Indeed, the week before the WTO challenge was announced, the Royal Society of London, Britain’s academy of science, reported “there is no credible evidence that human health can be damaged by eating DNA sequences created by the genetic modification of foodstuff ingredients.”
It is only the latest in a host of scientific bodies around the world saying the same thing.
As for endangering the environment, the Canadian experience with GM canola has identified an issue related to pollen drift. But the matter is at most a nuisance and is best dealt with by increased attention to crop management, not outright bans.
The EU restricted trade in GM foods simply to pander to baseless consumer concerns stirred up by environmental fear mongers and opponents of corporate influence in farming.
The challenge will no doubt be criticized as an effort to thwart European consumers’ choice to reject GM foods, but it is just the opposite. The EU ban now denies European consumers the ability to choose between GM and non GM food at their supermarkets.
The EU is working on a traceability process and food labelling rules but the process is slow and is drifting toward regulations that will be impossible to meet, re-establishing the ban in another guise.

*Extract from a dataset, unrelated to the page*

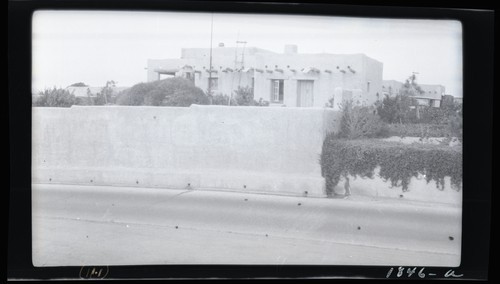 Torrey Pines Road House, on highway no. of San Diego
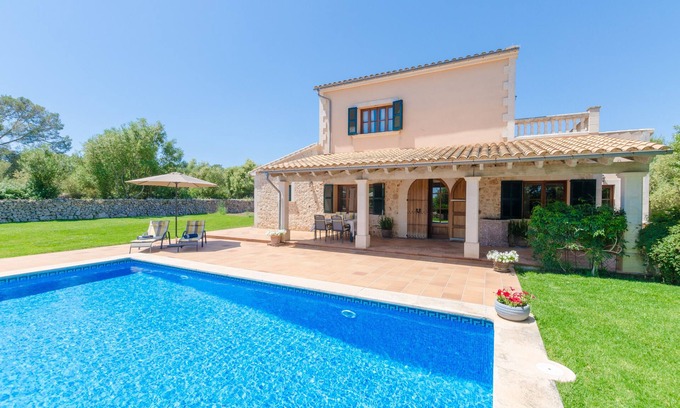 Lloret de Vistalegre Villa | ES VEDAT - Villa con piscina privada en Lloret De Vistalegre. WiFi Gratis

It is time to use the WTO to pressure the EU to follow the letter and spirit of international trade rules it willingly signed. By doing so, we also signal that efforts to use food labels to reinstate the ban by other means are unacceptable.
This will also give choice to developing countries now intimidated from investigating how GM technology can help their agricultural production for fear of losing access to the EU market.
Genetic technology does not create Frankenfoods. It’s a tool with the ability to make the world better. Its use should not be restricted because of baseless fear.